==== Supplied information ====

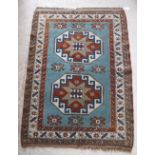 A Persian rug with two repeating elephant foot medallions on a turquoise ground within a brown,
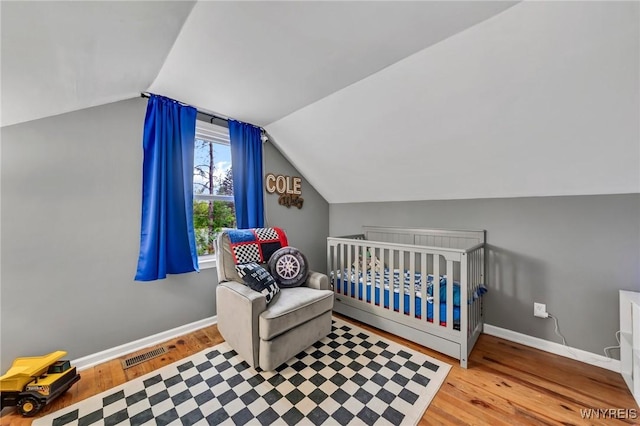 11965 Clinton St, Marilla, NY 14004 - bedroom with vaulted ceiling, baseboards, wood finished floors, and a nursery area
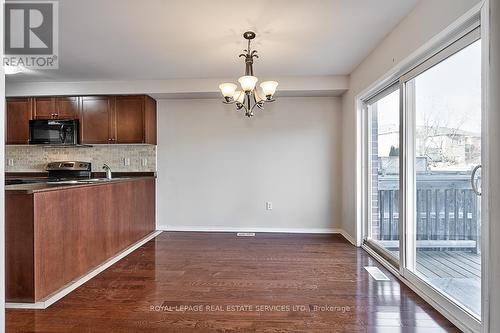 Dining Room with a Sliding Door Walkout to Deck - 3221 Sharp Road, Burlington, ON - Indoor Photo Showing Kitchen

====

About this task
After locating the line with "11965 Clinton St, Marilla, NY", transcribe it and the rest of the data above exactly as written, without any picture.

Answer to the exercise
 11965 Clinton St, Marilla, NY 14004 - bedroom with vaulted ceiling, baseboards, wood finished floors, and a nursery area
 Dining Room with a Sliding Door Walkout to Deck - 3221 Sharp Road, Burlington, ON - Indoor Photo Showing Kitchen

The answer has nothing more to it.